Inhoud
De theorie van constructivistisch onderwijs is gebaseerd op het werk van ontwikkelingspsychologen Jean Piaget, Lev Vygotsky en onderwijs reformator en psycholoog John Dewey. Constructivisme is gebaseerd op de overtuiging dat studenten eerdere ervaringen en kennis meenemen naar de klas. Studenten moeten hun nieuwe informatie verbinden met voorkennis om er iets van te begrijpen.
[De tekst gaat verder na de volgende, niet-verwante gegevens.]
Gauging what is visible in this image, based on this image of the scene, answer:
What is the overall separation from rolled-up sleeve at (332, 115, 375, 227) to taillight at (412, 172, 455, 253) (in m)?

Methoden voor voorschools onderwijs zijn meestal gebaseerd op de constructivistische theorie (Jupiterimages / Goodshoot / Getty Images)
Leraar rol
Een leraar in een traditioneel klaslokaal is de eerste bron van informatie en autoriteit. In een constructivistisch klaslokaal fungeert de leraar als een facilitator en helpt hij studenten bij het zoeken naar kennis. Traditionele leraren verspreiden kennis. Constructivistische leerkrachten communiceren met hun studenten en helpen hen hun eigen leerproces op te bouwen. Constructivistische leerkrachten waarderen het standpunt van studenten en moedigen hun deelname aan activiteiten in de klas aan, in plaats van te wachten op stilte en passieve aandacht, zoals gebruikelijk is in traditionele klaslokalen.
De rol van studenten
Studenten in een traditioneel klaslokaal zijn passief. Ze luisteren en reageren op de directe instructies van de leraar. In een constructivistisch klaslokaal zijn studenten actief. Ze wisselen ideeën uit met de leraar en tussen hen. Studenten in een traditioneel klaslokaal worden beschouwd als "lege bladen". Alle kennis in het traditionele gebied is geïsoleerd, losgekoppeld van de wereld en de oorsprong van de studenten. Studenten in een constructivistisch klaslokaal moeten al hun leer- en voorkennis met elkaar verbinden. Dit leidt tot een betere internalisering en begrip van de feiten en concepten. Deze studenten werken in groepen in plaats van alleen, zoals gebruikelijk is in traditionele klaslokalen.
leerplan
Het curriculum in een traditioneel klaslokaal richt zich op geïsoleerde vaardigheden en beweegt van die afzonderlijke onderdelen naar grotere concepten. In een constructivistisch klaslokaal benadrukt het curriculum de hele set en gaat verder met de basisvaardigheden die nodig zijn binnen het alomvattende concept. In het lezen bijvoorbeeld, focust het constructivistische curriculum zich op het hele verhaal en zijn betekenis. In de traditionele klas richt lezen zich op het eerst decoderen van individuele woorden. Traditionele klassen hebben de neiging om rond een leerboek te draaien, terwijl constructivistische klassen primaire bronnen als verhalen gebruiken. Vragen van studenten en het zoeken naar kennis worden beschouwd als een belangrijk onderdeel van het constructivistische curriculum, terwijl traditionele klassen meer geneigd zijn zich strikt te houden aan het curriculum dat in de tekst is voorgeschreven. Het constructivistische curriculum legt de nadruk op het oplossen van problemen en het toepassen van kennis, in plaats van het memoriseren van feiten, zoals gebruikelijk is in traditionele klaslokalen.
evaluatie
de beoordeling van studenten in een traditioneel klaslokaal staat los van leren en vertoont vaak geen gelijkenis met andere activiteiten in de klas. Traditionele beoordelingen houden zowel formele als informele testen in. Beoordeling in een constructivistisch scenario is meer natuurlijk en opgenomen in activiteiten in de klas. Constructivistische leraren gebruiken werkvoorbeelden, prestatiegegevens, observaties en portfolio's om de echte kennis van en kennis van concepten over studenten vast te leggen.